[Dataset excerpts]

******

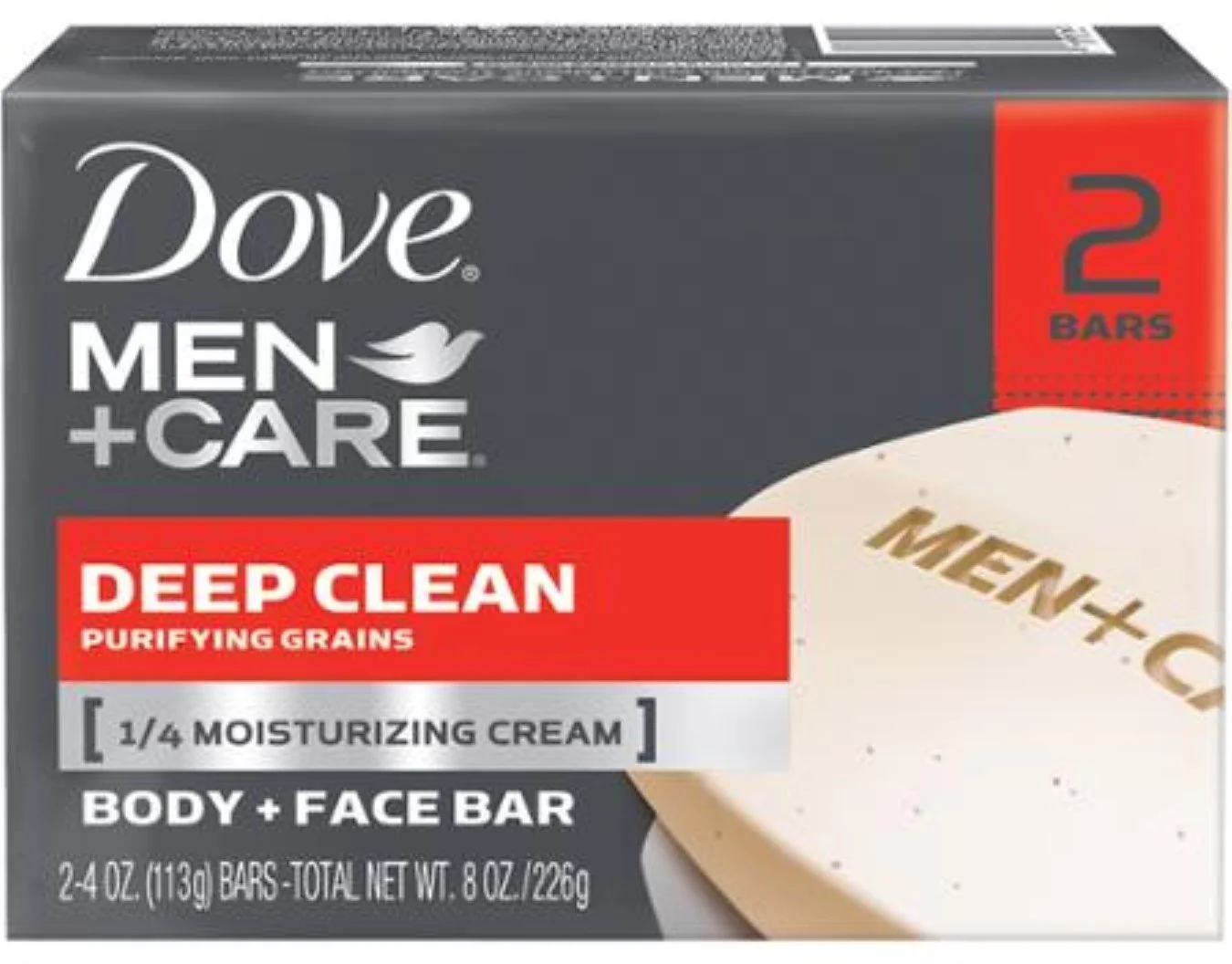 Reliable Dove Men Care Body Face Bar Deep Clean 4.25 oz bars 2 ea 2 Pack Long-Lasting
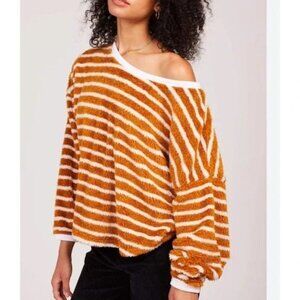 Free People Orange and White Off-the-Shoulder Sweater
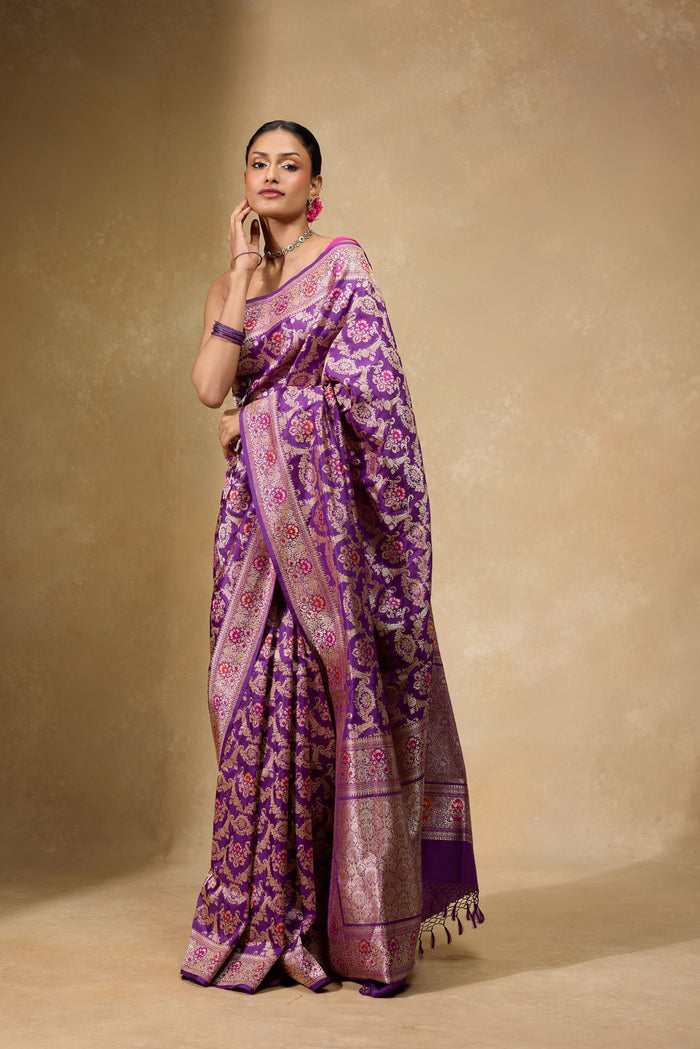 Deep Amethyst purple Banarasi Jangla Saree in pure Katan silk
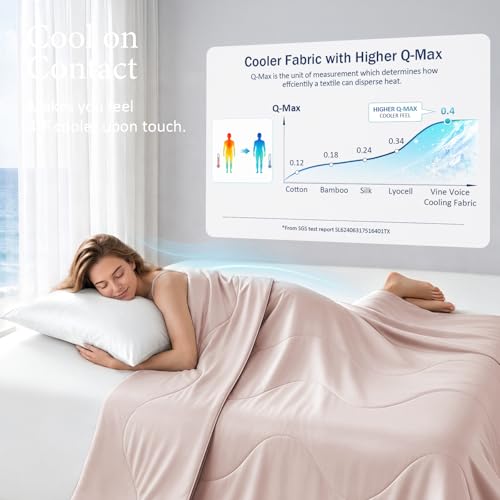 Image of Cooling Comforter for Hot Sleepers, Queen 90x90, Pink | Cooling blanket feel, Q-Max >0.4 cool touch, double-sided cooling, Sorona fill, for night sweats, lightweight & breathable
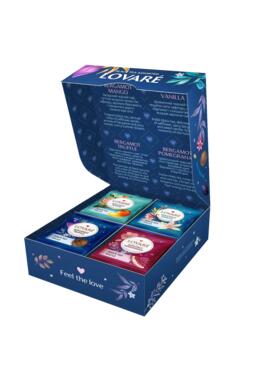 Copertă produs Cutie cu 32 pliculețe de ceai negru cu bergamotă asortat Lovar&eacute; (4 arome x 8 pliculețe): Mango, Vanilie, Trufă, Rodie 32g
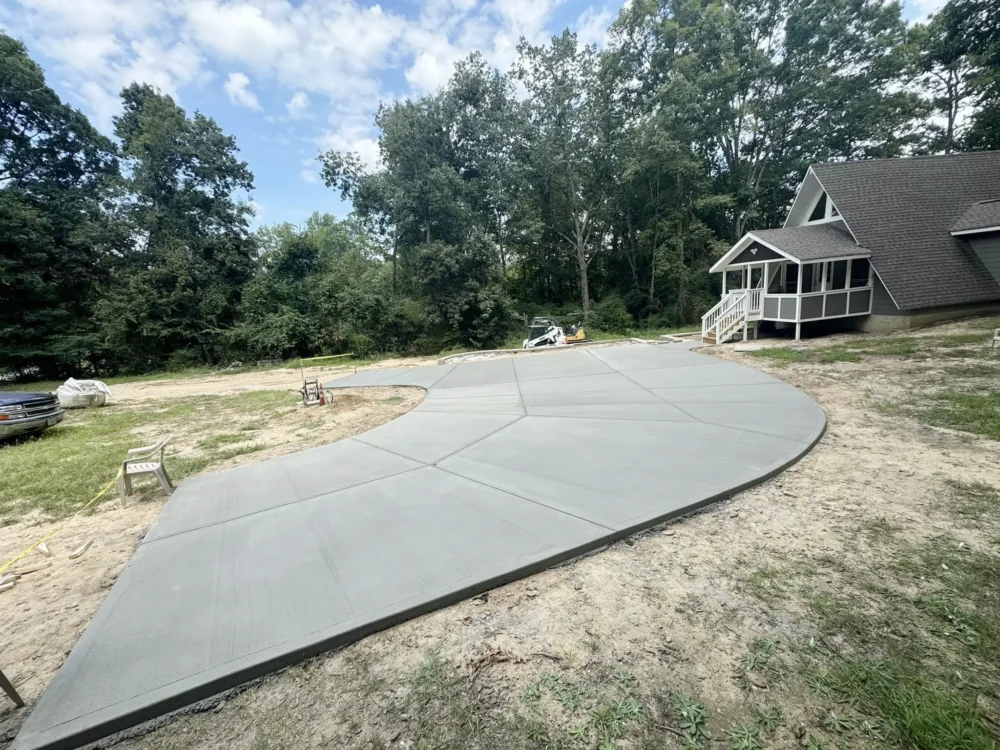 Recently poured concrete driveway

******

INSTRUCTIONS TO FOLLOW
Every record must be copied exactly, with the pictures left out.

ANSWER FOR THE TASK
 Reliable Dove Men Care Body Face Bar Deep Clean 4.25 oz bars 2 ea 2 Pack Long-Lasting
 Free People Orange and White Off-the-Shoulder Sweater
 Deep Amethyst purple Banarasi Jangla Saree in pure Katan silk
 Image of Cooling Comforter for Hot Sleepers, Queen 90x90, Pink | Cooling blanket feel, Q-Max >0.4 cool touch, double-sided cooling, Sorona fill, for night sweats, lightweight & breathable
 Copertă produs Cutie cu 32 pliculețe de ceai negru cu bergamotă asortat Lovar&eacute; (4 arome x 8 pliculețe): Mango, Vanilie, Trufă, Rodie 32g
 Recently poured concrete driveway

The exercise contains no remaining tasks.